Directions for this task
Repeat precisely, and only, the lines between the line containing "[LINEスタンプ] シマエナガ・シマチコ＆白猫ましまろ（改）" and the end of the listing below, both ends included.

Source material
%%
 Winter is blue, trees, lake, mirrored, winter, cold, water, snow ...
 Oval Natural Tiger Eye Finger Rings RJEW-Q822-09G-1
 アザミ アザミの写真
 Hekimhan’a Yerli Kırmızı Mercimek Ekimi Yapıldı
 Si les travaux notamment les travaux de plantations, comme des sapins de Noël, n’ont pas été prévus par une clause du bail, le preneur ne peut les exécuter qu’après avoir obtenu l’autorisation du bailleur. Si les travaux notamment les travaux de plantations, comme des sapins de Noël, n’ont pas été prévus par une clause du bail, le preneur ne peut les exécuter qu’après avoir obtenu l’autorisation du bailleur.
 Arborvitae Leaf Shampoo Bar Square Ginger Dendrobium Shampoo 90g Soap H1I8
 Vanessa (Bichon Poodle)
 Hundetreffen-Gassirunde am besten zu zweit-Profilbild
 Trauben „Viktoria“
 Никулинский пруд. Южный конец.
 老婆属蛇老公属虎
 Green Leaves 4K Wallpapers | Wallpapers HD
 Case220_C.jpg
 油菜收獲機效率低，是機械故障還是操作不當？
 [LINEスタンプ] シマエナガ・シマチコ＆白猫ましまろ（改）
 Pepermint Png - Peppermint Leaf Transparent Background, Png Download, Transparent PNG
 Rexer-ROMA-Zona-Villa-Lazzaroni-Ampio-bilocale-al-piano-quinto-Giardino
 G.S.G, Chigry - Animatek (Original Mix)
%%
Task result
 [LINEスタンプ] シマエナガ・シマチコ＆白猫ましまろ（改）
 Pepermint Png - Peppermint Leaf Transparent Background, Png Download, Transparent PNG
 Rexer-ROMA-Zona-Villa-Lazzaroni-Ampio-bilocale-al-piano-quinto-Giardino
 G.S.G, Chigry - Animatek (Original Mix)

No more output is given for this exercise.